WHAT THIS TASK INVOLVES:
Among the records below, find the line that has "Настенный мини усилитель"; from there, give the lines again exactly, and stop after the line that has "Physics Matters by John Owen Edward Clark".

INFORMATION:
"""

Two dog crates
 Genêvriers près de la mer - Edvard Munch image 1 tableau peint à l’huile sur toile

"""
"""

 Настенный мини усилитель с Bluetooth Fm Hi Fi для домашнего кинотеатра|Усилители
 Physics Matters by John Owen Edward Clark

"""

OUTPUT:
 Настенный мини усилитель с Bluetooth Fm Hi Fi для домашнего кинотеатра|Усилители
 Physics Matters by John Owen Edward Clark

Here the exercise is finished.